%matplotlib inline
from pylab import *
import matplotlib.pyplot as plt
import os
import pyAgrum as gum
import pyAgrum.lib.notebook as gnb
import pyAgrum.lib.explain as explain
import pyAgrum.lib.bn_vs_bn as bnvsbn
gum.about()
gnb.configuration()
pyAgrum 1.8.1 (c) 2015-2023 Pierre-Henri Wuillemin, Christophe Gonzales This is free software; see the source code for copying conditions. There is ABSOLUTELY NO WARRANTY; not even for MERCHANTABILITY or FITNESS FOR A PARTICULAR PURPOSE. For details, see 'pyAgrum.warranty'.
Library | Version |
---|---|
OS | posix [linux] |
Python | 3.10.10 (main, Mar 5 2023, 22:26:53) [GCC 12.2.1 20230201] |
IPython | 8.13.2 |
Matplotlib | 3.7.1 |
Numpy | 1.24.3 |
pyDot | 1.4.2 |
pyAgrum | 1.8.1 |
bn=gum.loadBN("res/asia.bif")
bn
gum.generateSample(bn,50000,"out/sample_asia.csv",True);
out/sample_asia.csv: 100%|█████████████████████████████████|
Log2-Likelihood : -161064.05636409108
with open("out/sample_asia.csv","r") as src:
for _ in range(10):
print(src.readline(),end="")
visit_to_Asia,dyspnoea,positive_XraY,lung_cancer,tuberculos_or_cancer,smoking,bronchitis,tuberculosis 1,0,1,1,1,1,1,1 1,0,0,1,1,0,0,1 1,0,1,1,1,1,0,1 1,0,1,1,1,1,0,1 1,0,1,1,1,0,0,1 1,1,1,1,1,1,1,1 1,1,1,1,1,0,0,1 1,0,1,1,1,0,0,1 1,1,1,1,1,1,1,1
learner=gum.BNLearner("out/sample_asia.csv",bn) #using bn as template for variables
print(learner)
Filename : out/sample_asia.csv Size : (50000,8) Variables : visit_to_Asia[2], tuberculosis[2], tuberculos_or_cancer[2], positive_XraY[2], lung_cancer[2], smoking[2], bronchitis[2], dyspnoea[2] Induced types : False Missing values : False Algorithm : Greedy Hill Climbing Score : BDeu Correction : MDL (Not used for score-based algorithms) Prior : -
print(f"Row of visit_to_Asia : {learner.idFromName('visit_to_Asia')}") # first row is 0
Row of visit_to_Asia : 0
print(f"Variable in row 4 : {learner.nameFromId(4)}")
Variable in row 4 : lung_cancer
The BNLearner is capable of recognizing missing values in databases.

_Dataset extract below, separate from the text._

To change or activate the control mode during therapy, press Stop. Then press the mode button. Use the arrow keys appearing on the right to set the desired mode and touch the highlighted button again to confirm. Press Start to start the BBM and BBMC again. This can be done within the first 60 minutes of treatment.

For this purpose, just indicate as a last argument the list of the strings that represent missing values.
# it is possible to add as a last argument a list of the symbols that represent missing values:
# whenever a cell of the database is equal to one of these strings, it is considered as a
# missing value
learner=gum.BNLearner("res/asia_missing.csv",bn, ['?', 'N/A'] )
print(f"Are there missing values in the database ? {learner.state()['Missing values'][0]}")

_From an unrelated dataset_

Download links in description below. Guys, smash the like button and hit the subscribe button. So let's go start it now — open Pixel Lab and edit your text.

Are there missing values in the database ? True
When reading a csv file, BNLearner can try to find the correct type for discrete variable. Especially for numeric values.
%%writefile out/testTypeInduction.csv
A,B,C,D
1,2,0,hot
0,3,-2,cold
0,1,2,hot
1,2,2,warm
Overwriting out/testTypeInduction.csv
print("* by default, type induction is on (True) :")
learner=gum.BNLearner("out/testTypeInduction.csv")
bn3=learner.learnBN()
for v in sorted(bn3.names()):
print(f" - {bn3.variable(v)}")
print("")
print("* but you can disable it :")
learner=gum.BNLearner("out/testTypeInduction.csv",["?"],False)
bn3=learner.learnBN()
for v in sorted(bn3.names()):
print(f" - {bn3.variable(v)}")
print("")
print("Note that when a Labelized variable is found, the labesl are alphabetically sorted.")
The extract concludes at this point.